[DATA EXTRACTS]
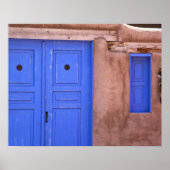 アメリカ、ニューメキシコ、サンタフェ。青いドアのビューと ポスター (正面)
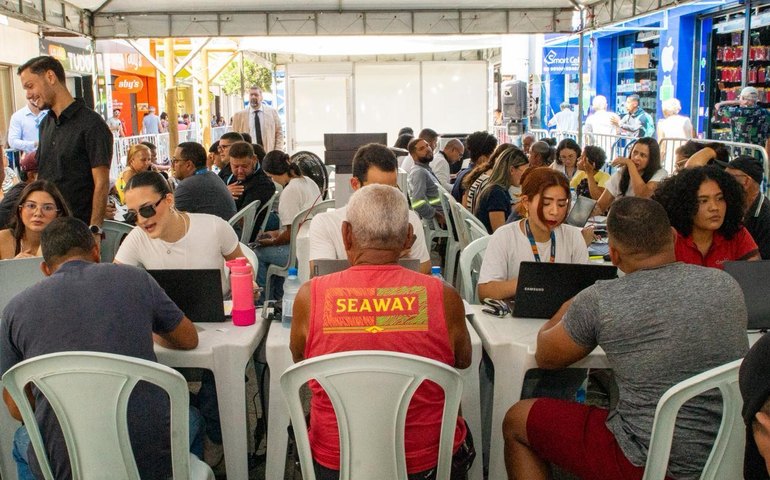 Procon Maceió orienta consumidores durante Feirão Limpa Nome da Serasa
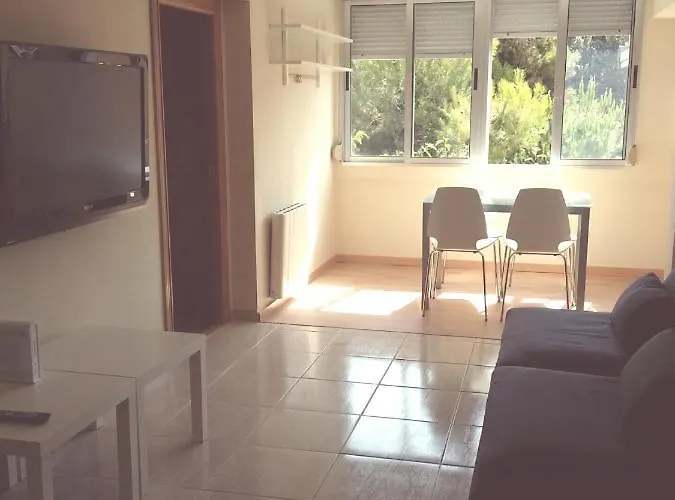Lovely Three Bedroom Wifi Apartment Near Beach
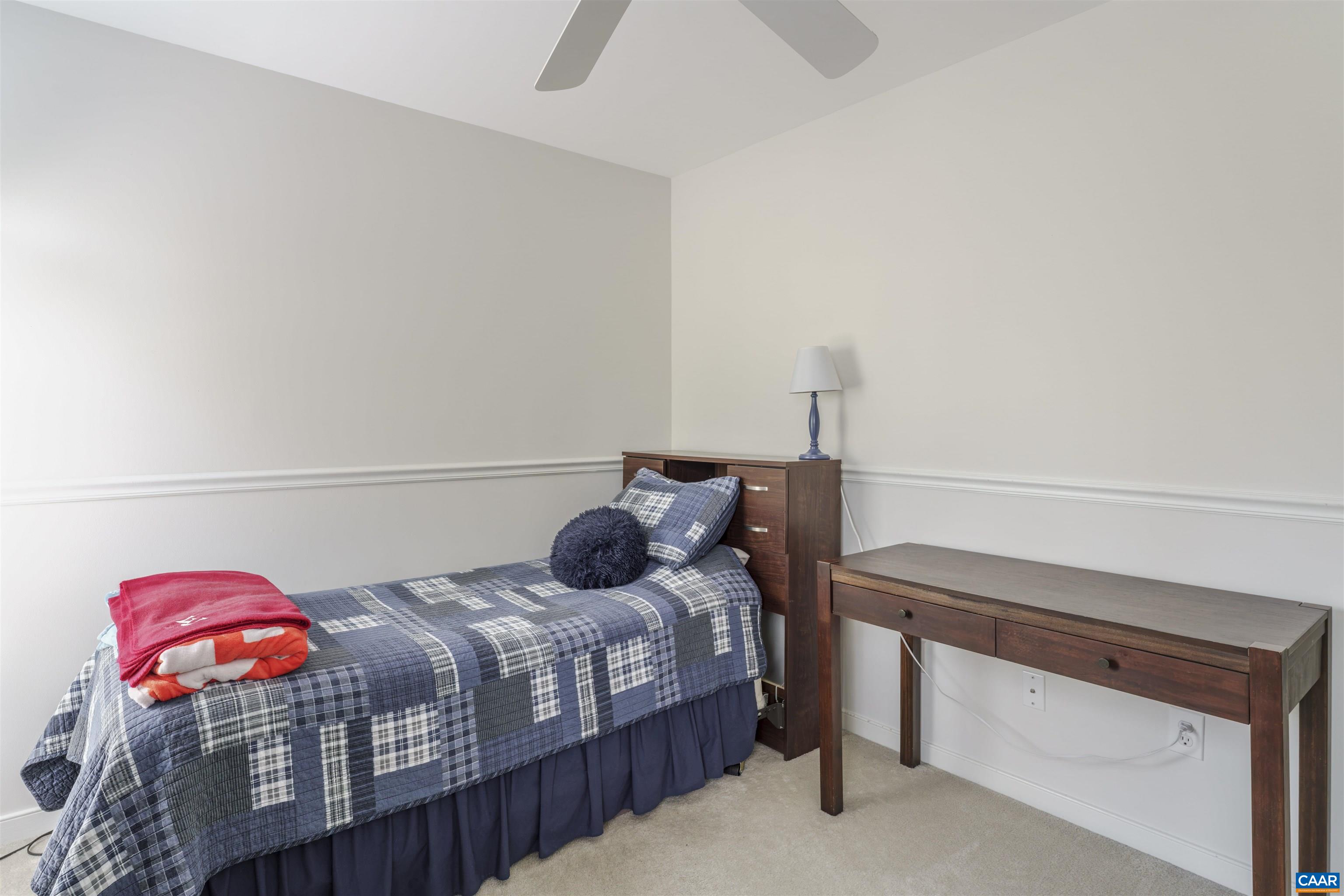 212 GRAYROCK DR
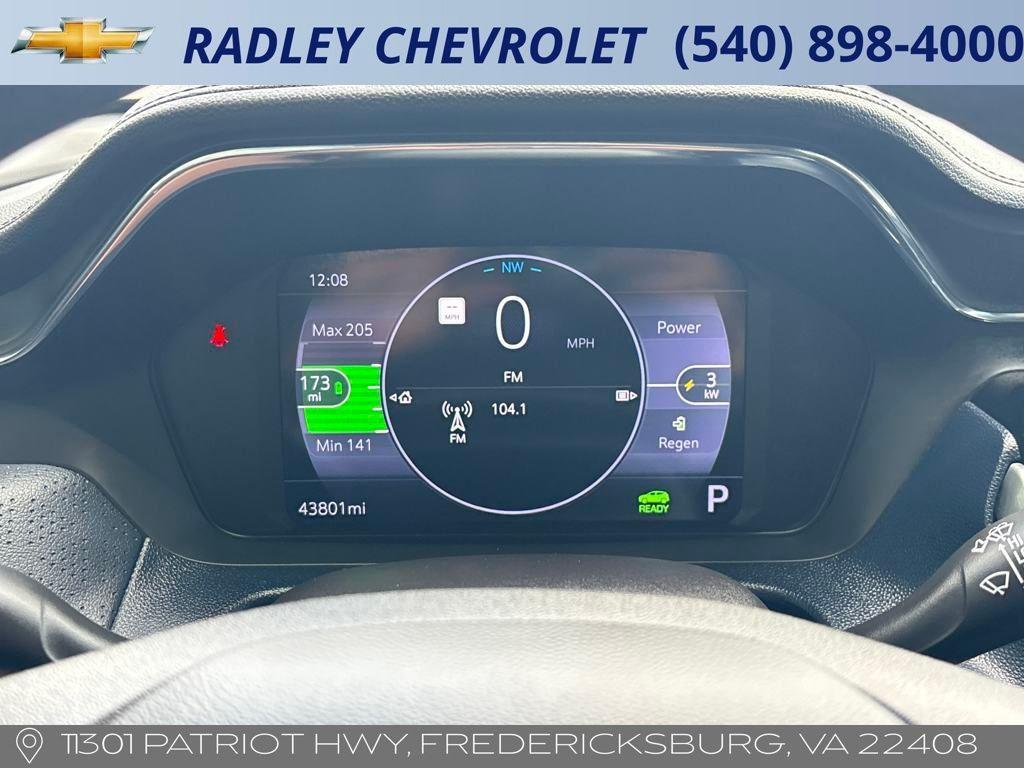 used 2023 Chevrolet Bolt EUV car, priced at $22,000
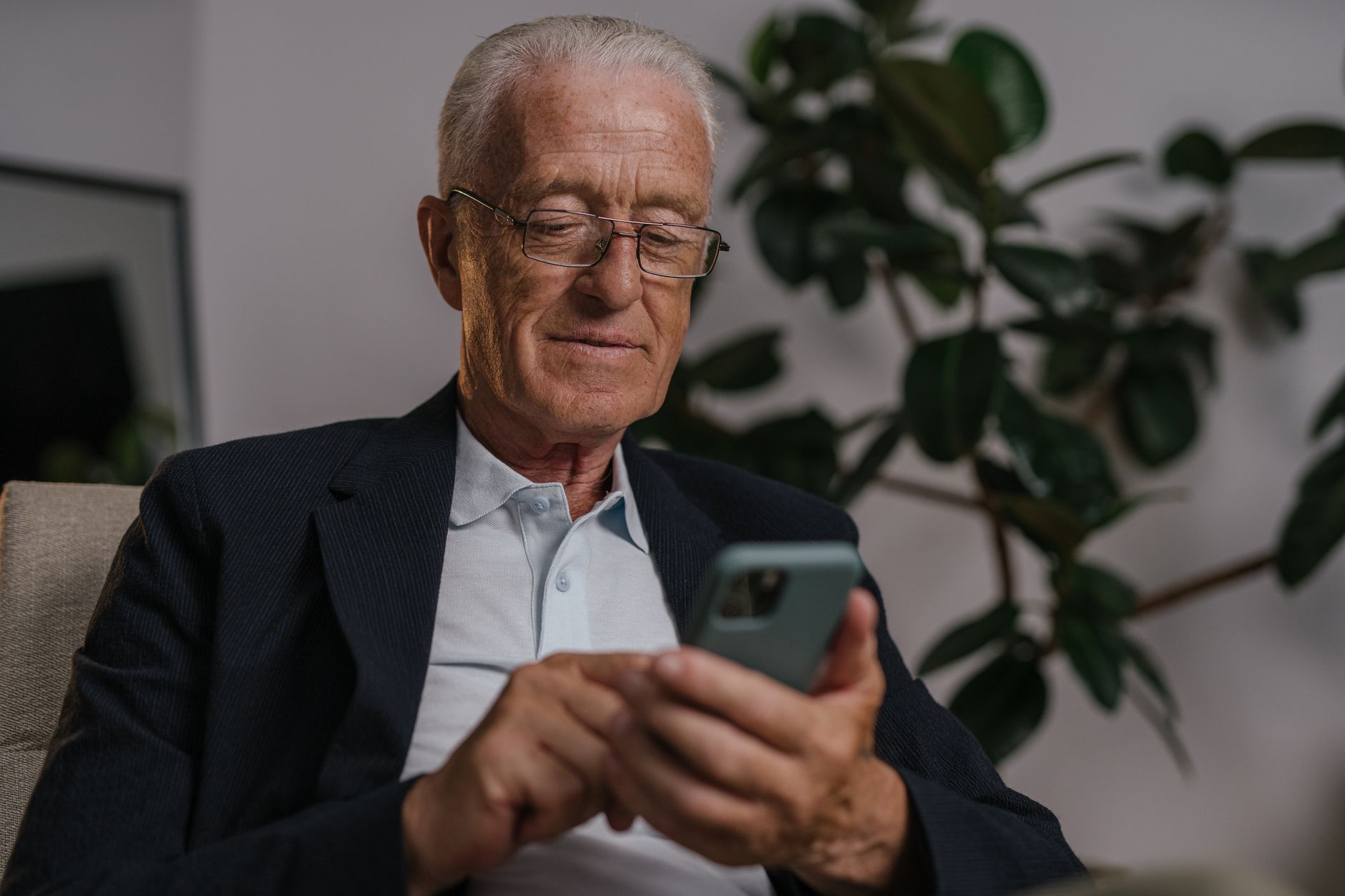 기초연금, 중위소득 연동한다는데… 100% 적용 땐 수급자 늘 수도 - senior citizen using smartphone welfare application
[/DATA EXTRACTS]
[DATA EXTRACTS]
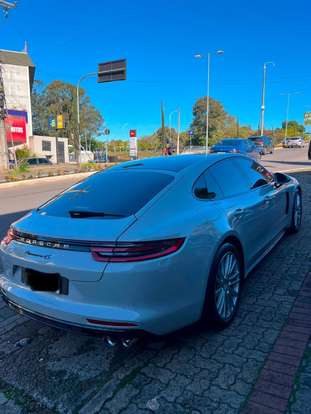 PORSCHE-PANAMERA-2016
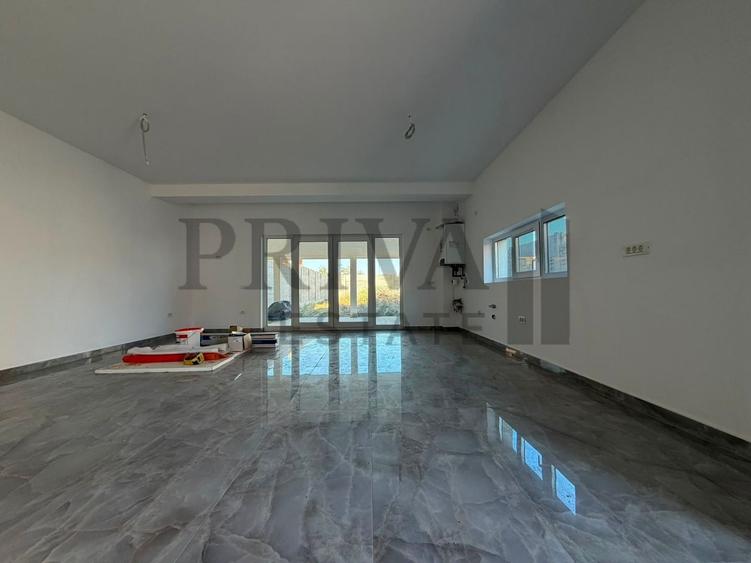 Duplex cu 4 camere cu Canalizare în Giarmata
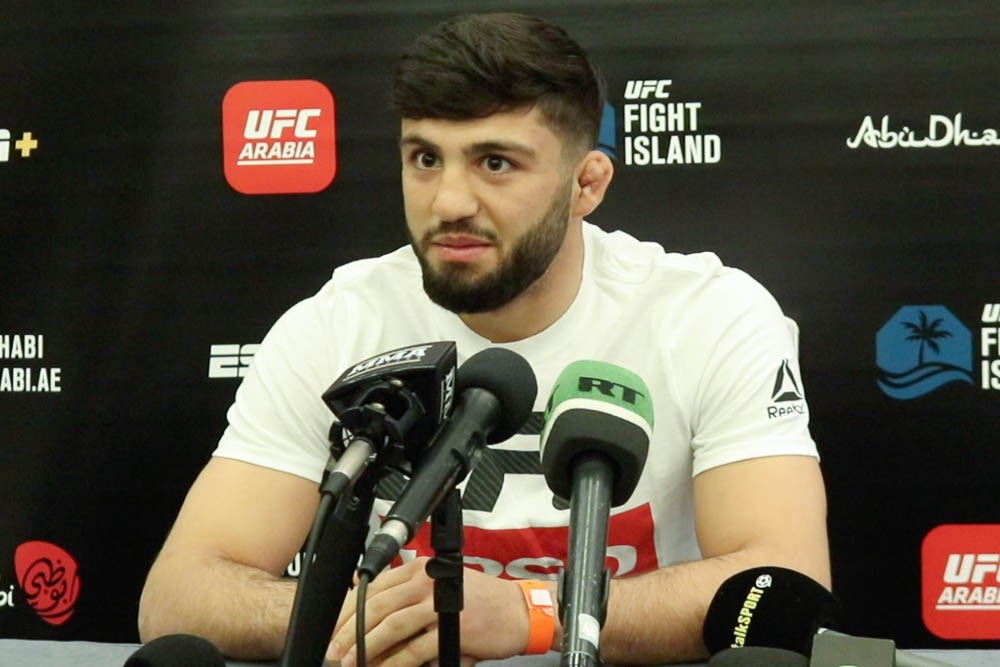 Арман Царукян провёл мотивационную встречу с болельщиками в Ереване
[/DATA EXTRACTS]
[DATA EXTRACTS]
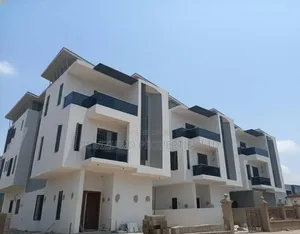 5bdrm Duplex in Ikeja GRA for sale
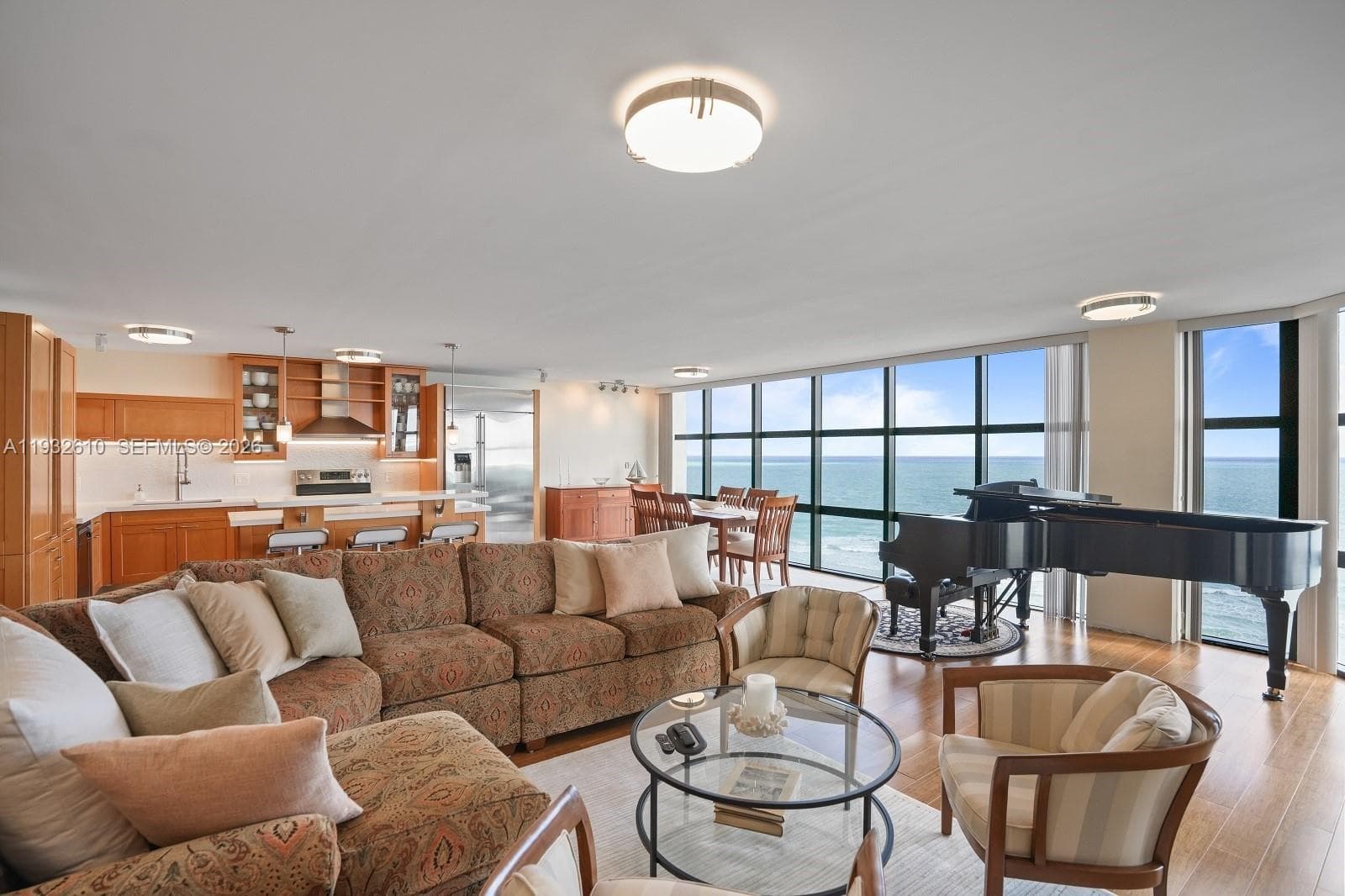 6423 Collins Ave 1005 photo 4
[/DATA EXTRACTS]
*WHAT TO WORK ON*
Write back the stretch of lines above that begins with the line holding "アメリカ、ニューメキシコ、サンタフェ。青いドアのビューと ポスター (正面)" and ends with the line holding "기초연금, 중위소득 연동한다는데…", both included, exactly as written. Pictures stay out.

*SOLUTION*
 アメリカ、ニューメキシコ、サンタフェ。青いドアのビューと ポスター (正面)
 Procon Maceió orienta consumidores durante Feirão Limpa Nome da Serasa
Lovely Three Bedroom Wifi Apartment Near Beach
 212 GRAYROCK DR
 used 2023 Chevrolet Bolt EUV car, priced at $22,000
 기초연금, 중위소득 연동한다는데… 100% 적용 땐 수급자 늘 수도 - senior citizen using smartphone welfare application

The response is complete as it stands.